Değerli milletvekilleri, tüketim toplumunun en belirgin özelliği yapay ihtiyaçlar oluşturulmasıdır. Tüketiciler, kültür endüstrisi eliyle üretilen her şeyi tüketmeye yönlendirilmektedir. Kültür endüstrisinin ürettiği ürünlere karşı tüketicinin korunması ve tüketici hakları, artık günümüzde en temel insan hakları arasında sayılıyor. Tüketicinin korunması toplumun her kesimini ilgilendiren, etkileyen, hiç kimsenin kayıtsız kalamayacağı bir konudur. Ülkemizde tüketicileri koruyucu tedbirler almak anayasal bir görevdir. Özellikle, tüketim toplumu olmanın bir sonucu olarak, insanlarımız ihtiyacı olmadığı hâlde mal tüketmeye teşvik ediliyor, mal ve hizmetlerin niteliklerini tam olarak araştırmadan satın alma eyleminde bulundukları görülüyor. Tüketicinin zihnini allak bullak eden büyük bütçeli reklamlar, kullanılan pazarlama teknikleri, tüketicileri bu ürünleri pazarlayanlar karşısında zayıf bir konuma oturtuyor. Bu koşullarda tüketicinin korunması âdeta bir mecburiyete dönüşüyor. Ülkemizde de tüketiciyi korumak için çeşitli yasa ve düzenlemeler yapılmış olsa da tüketicilerin haklarını bilmemesi, tüketicilerin eğitilip bilgilendirilmemesi, yaşanan yetersizlikler, ihtiyaçların tam tespit edilememesi sebebiyle yeni bir düzenleme yapma ihtiyacı hissedilmiştir. Maalesef, tüketici hakları konusunda yaşanmış bütün olumsuzluklara rağmen bu değişiklik yapılırken de hiçbir tüketici örgütünün görüşü alınmamıştır, Komisyon üyelerine kanun teklifini inceleyecek süre tanınmamıştır, yasal değişiklikler her zamanki gibi "Ben yaptım, oldu." yaklaşımıyla Meclis Genel Kuruluna getirilmiştir. Biraz evvel "Tüketicinin korunması âdeta bir mecburiyete dönüşmüştür." dedim fakat tüketici, iktidarın zamları karşısında korunmasız durumda. Biz tüketiciyi korumak için tüketici haklarında yeni düzenlemeler yaparken tüketiciyi iktidardan, zamlardan kim koruyacak? Akaryakıta, elektriğe, temel gıdalara gelen yüzde 200'leri aşan zamlar karşısında tüketici, hakkını nasıl arayacak? Ekonomi kötü yönetiliyor, bedelini tüketici ödüyor; ekonomi kötü yönetiliyor, tarım kötü yönetiliyor, bedelini tüketici ödüyor. Ülkemizi yönetenler farkında değil ama tüketici aslında tüketemiyor, tüketici tükeniyor arkadaşlar.

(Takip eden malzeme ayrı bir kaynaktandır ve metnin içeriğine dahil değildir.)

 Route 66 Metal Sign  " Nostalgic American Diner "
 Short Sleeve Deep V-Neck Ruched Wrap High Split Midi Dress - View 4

Değerli milletvekilleri, bir toplumda tüketici hakları sadece çıkarılan yasalarla, yapılan düzenlemelerle korunmaz; tüketicilerin eğitilmesi, hakları konusunda bilgilendirilmesi gerekir. Tüketici, kendisine tanınan hakları bilir, örgütlenir ve kendisini savunursa ancak o zaman piyasada bir güç merkezi hâline gelebilir. Hatta bu bilinçlenme ve örgütlenme üretimin kalitesine, verimine de olumlu bir etki edebilir ama siz bırakın tüketicinin bilgilendirilmesini, eğitilmesini tüketicinin haklarını korumak için kurulan tüketici derneklerini bile dikkate almıyorsunuz, tüketici yasasını değiştiriyorsunuz ama yasa değişikliği çalışmasının hiçbir sürecine tüketici örgütlerini dâhil etmiyorsunuz. Oysa tüketici örgütleri, tüketicilerin hak ve yararlarını korumak ve geliştirmek, tüketici bilincini oluşturup yerleştirmek, tüketicinin kendi kendisini koruyabilecek aşamaya gelmesi için gerekli girişimlerde bulunmak, tüketicinin yasal haklarını kullanabileceği ortamı hazırlamak ve bu ortamların sürdürülebilmesini sağlamak amacıyla kurulmuşlardır. Yani tüketici örgütleri gerek tüm mevzuat ve gerekse uygulama bakımından kamu otoritesinin en önemli ve yok sayılmayacak paydaşlarındandır. Tüketici örgütlerini dâhil etmeden tüketici haklarında düzenleme yapamazsınız, sadece kendinizi kandırır, seneye bir düzenlemeyle yine karşımıza çıkarsınız.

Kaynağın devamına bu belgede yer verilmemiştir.